City of crime, un poliziesco/noir degno di nota
Il protagonista di Black Panther, i produttori di Avengers: Endgame ed il regista della serie TV Luther e di alcuni episodi chiave di Boardwalk Empire e Il trono di spade: con questo trio, City of Crime, titolo originale 21 Bridges, non poteva che essere un film riuscito.
Riuscito perché è un abile mix di azione e dramma, di attualità e spettacolarizzazione.
Riuscito perché delinea con cura il limite, spesso oscuro e controverso, tra vittima e carnefice, svelando a poco a poco sfaccettature inaspettate. E sono proprio i risvolti inattesi a tenere lo spettatore incollato alla poltrona, regalando un'ora e mezza di film di genere come non se ne vedeva da un po': di quelli che oltre alle sparatorie e alle scazzottate, nascondono una sottotrama audace, attuale e perché no, anche politicamente impegnata ed incanalata verso una precisa direzione.
Riuscito, anche, grazie all'ottimo cast composto non soltanto da Chadwick Boseman – un filino poco espressivo – ma anche da Sienna Miller, J.K. Simmons, Taylor Kitsch e il bravissimo Stephan James, visto nei recenti Se la strada potesse parlare e Race – Il colore della vittoria.
Diretto da Brian Kirk, il film racconta una rapina finita con la morte di diversi poliziotti, cui segue un'indagine senza tregua né sconti, coordinata dal detective Andre Davis il quale, costretto a drastiche soluzioni, fa chiudere tutti e ventuno i ponti di Manhattan, per imprigionare i fuggitivi all'interno dell'isola. Un'idea cinematograficamente valida, che ha solleticato tanto il protagonista quanto il regista: “Ci sono 21 ponti a Manhattan, li sbarriamo. Isoliamo treni e metro. E poi inondiamo l'isola di blu”; una trovata indubbiamente esaltante e narrativamente efficace, per una caccia all'uomo degna di nota.
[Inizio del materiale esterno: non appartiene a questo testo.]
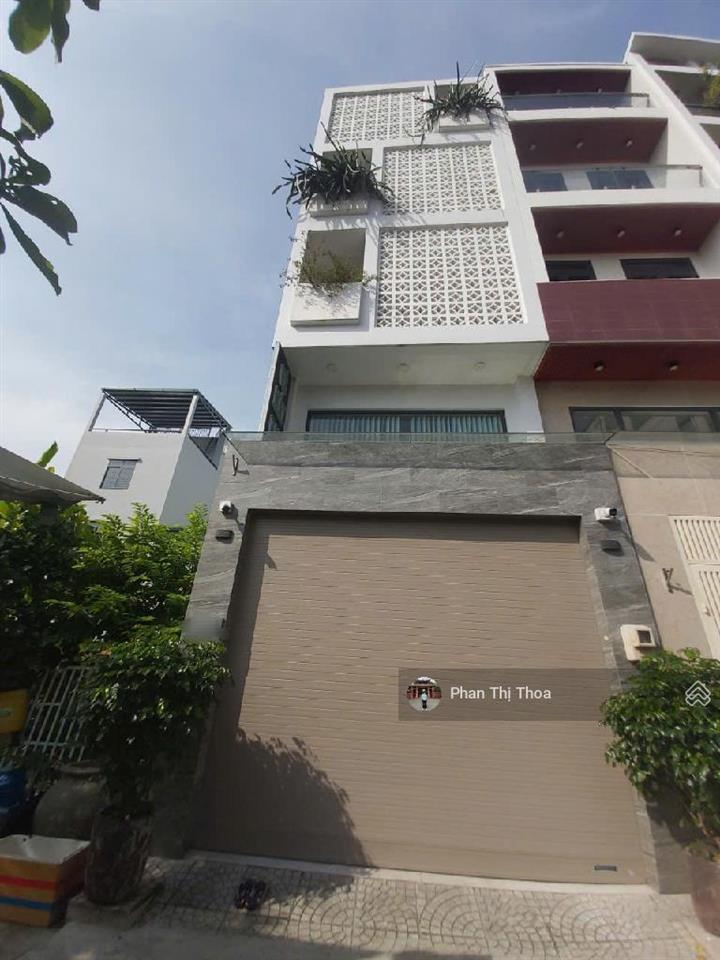 Nhà 2 tầng hẻm oto thông  ngang lớn, gia đình vào ở ngay  giáp rạch xuyên tâm, tương lai tăng giá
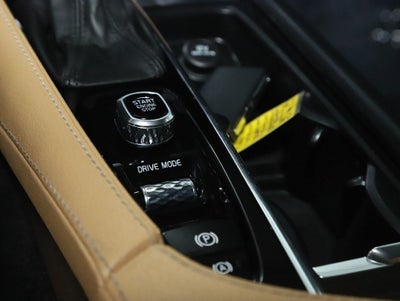2019 Volvo XC90 T6 Momentum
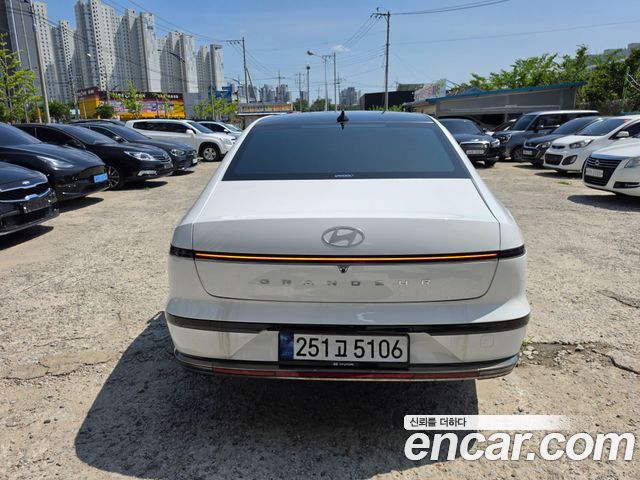 Hyundai Grandeur GN7, гибрид Calligraphy - фото 4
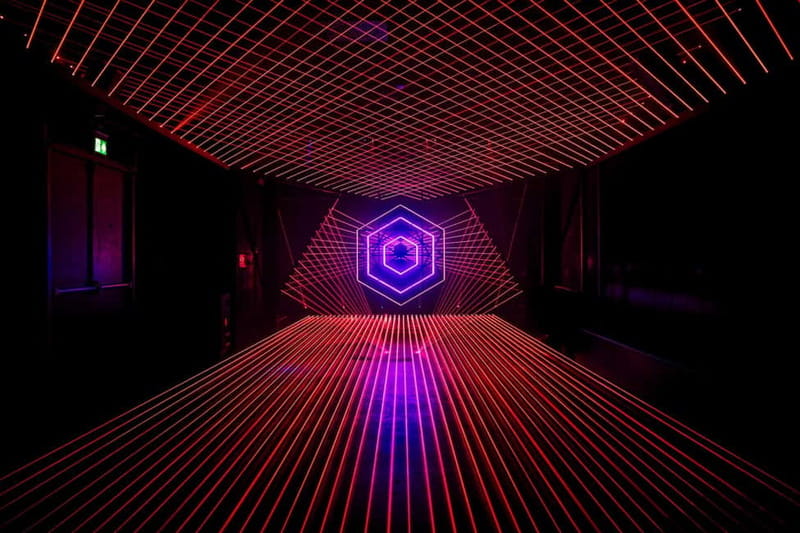 Amsterdam: AMAZE Immersive Audiovisual Experience Ticket - Walking In: The Westhaven Club Feel and Lounge Setup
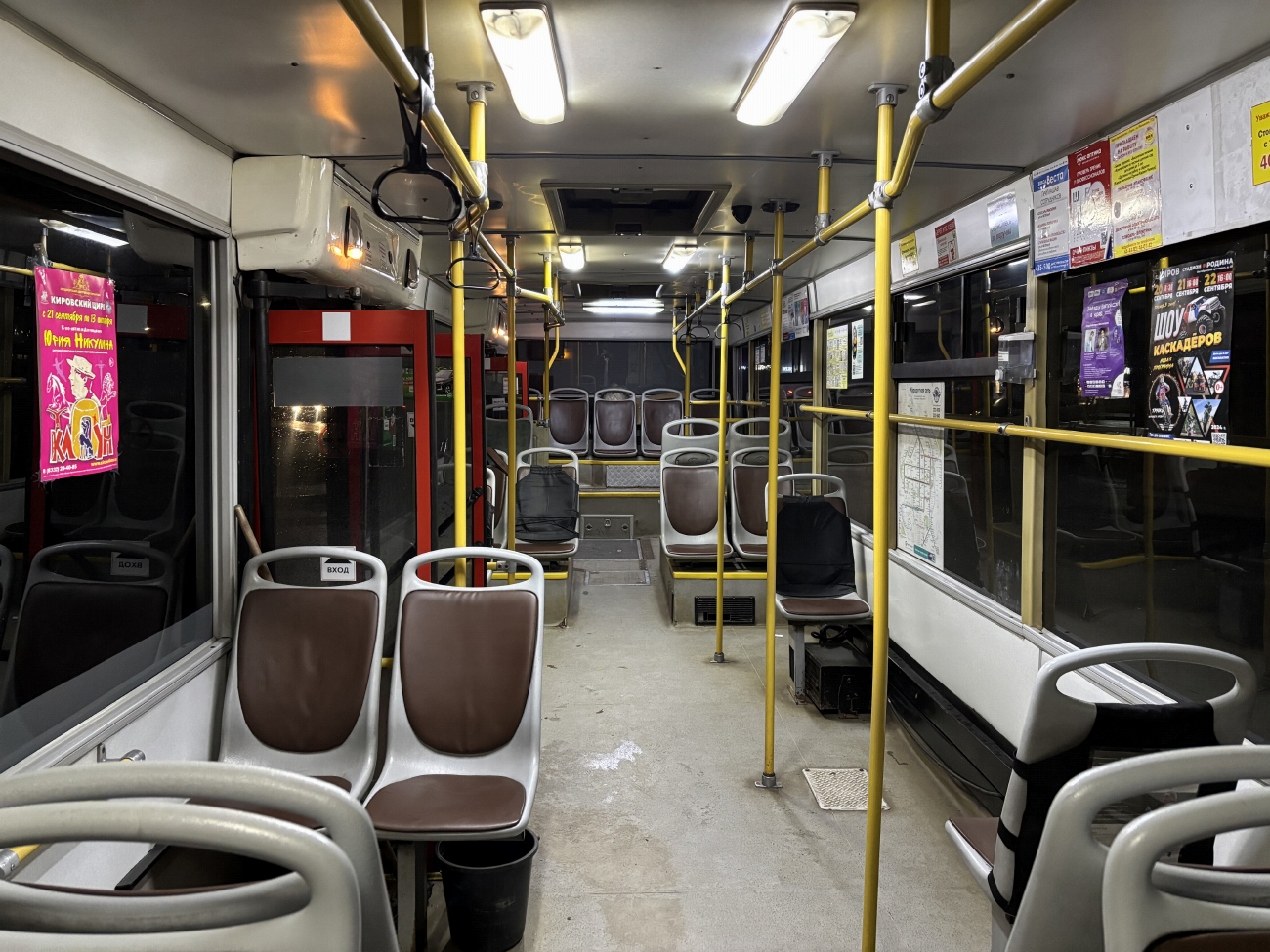 Kirov region, NefAZ-5299-10-32 Nr. Т 394 ТТ 43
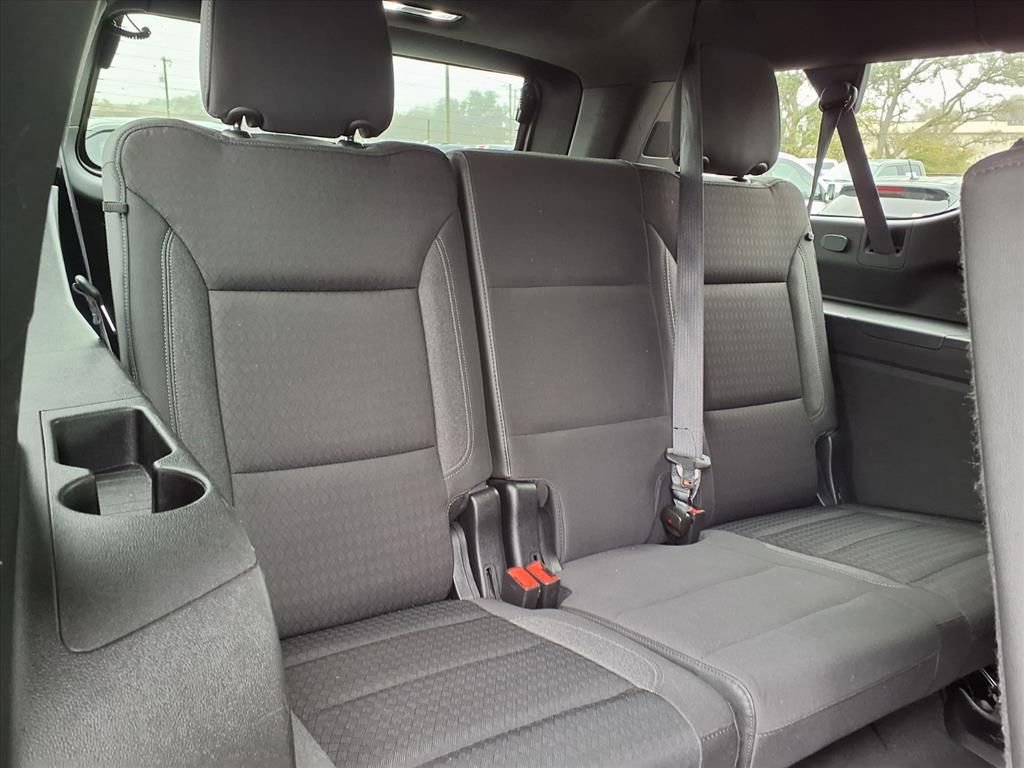 Used 2024 GMC Yukon XL SLE image 17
Gli stessi produttori, per raggiungere il livello massimo di realismo della vicenda, hanno fatto sì che l'intero cast potesse avvalersi dell'aiuto di due agenti della polizia di New York in pensione.
A loro gli attori ed il regista si sono rivolti costantemente per conoscere dinamiche, comportamenti, posizioni durante le sparatorie e via dicendo: i due agenti hanno letteralmente addestrato gli attori affinché sembrassero veri poliziotti e veri criminali – per preparare questi ultimi è intervenuta anche la SWAT che ha lavorato sulla tattica – facendo loro sparare fino a 500 munizioni al giorno.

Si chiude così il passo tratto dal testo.